Ok, I have reeeeaaaaly enjoyed my char-griller pro, but I am thinking of upgrade. I would like the new smoker to have more space and be made of thicker, longer lasting metal. I like the side fire-box way of cooking. Again I like my char-griller, but  it is starting to get a little worn. Budget $800 to $1,000. I live in North Central florida, so any local dealers advice would be helpful. Actually, any ideas would be great. Thanks in advance. -Smokinggator


----------



## olewarthog (Jan 1, 2010)

This is a little more than your budget, but well worth the $$$.  They are built in SE Ga.

http://www.pigroast.com/48pages/model48p.htm


----------



## mballi3011 (Jan 1, 2010)

All I can say is sve alittle more money and as far the smoker it's really easy to say

LANG

Your close to enough on the money part so keep saving. I am


----------



## carpetride (Jan 1, 2010)

Stumps was running a special on his "baby" stumps for $1,000.  Bet you could find a used one a little cheaper...not sure if the space would be what you want or not.


----------



## scpatterson (Jan 1, 2010)

Check out craigslist around yur area. I see alot of used Langs on there and some others..I have a lang and love it and will say if i was you to save yur money and get on.....


----------



## rickw (Jan 2, 2010)

If you have a BassPro in your area they carry  Horizon smokers


----------



## smokinggator (Jan 2, 2010)

Thanks for the input. I will research the Lang and the Horizon. There are Bass shops in Orlando and I like the fact that I can see what I am buying before purchasing.

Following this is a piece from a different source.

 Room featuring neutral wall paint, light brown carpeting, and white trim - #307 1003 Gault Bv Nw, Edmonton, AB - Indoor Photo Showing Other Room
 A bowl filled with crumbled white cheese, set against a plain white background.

Also, if I go that route, I will save shipping. I have looked on craiglist and other type sites, and nothing has really come up. I did look at a used Tucker that was on the side of the road. It was $1,500 (new about $3,000) and need some replacements parts, but I didn't think it was quite what I was looking for. It sold before I had finished my research, so I never got a chance to make an offer. Anyway, Thanks again. -Smokinggator


----------



## ryan in louisville (Jan 4, 2010)

I'm not sure you'll save on shipping. I have looked at BPS for Horizon smokers and found that they ship to you and charge the same as buying directly from Horizon. They have the 16" in store, that's it.


----------



## chiggerbait (Jan 4, 2010)

You might want to check with Bellfab over in Tulsa.  I picked up a 24x36 of 5/16 steel from him about a month ago and he was working with a freight company dock to dock for less than $200. His standard 24x36 at that time was $450.
Chigger


----------



## smokinggator (Jan 5, 2010)

Thanks for the input. Chiggerbait, Could you post pictures of you Bell? Thanks, Smokinggator


----------



## div (Jan 5, 2010)

Ditto   forget everything else ...


----------



## jdt (Jan 5, 2010)

I also have a bellfab, if you want a conventional offset his prices are hard to beat
24 x 48 for $700 out of 5/16 steel, his trailer units cost less than most other companies want for a 24 x 42 patio style. 

http://www.bellfab.com/

don't get me wrong I would have loved to have a lang but $2000 for a pit for backyard use is a little much, If I ever get serious about comp or vending then I will strive for a jambo but a lang is one hellava nice second fiddle lol.


----------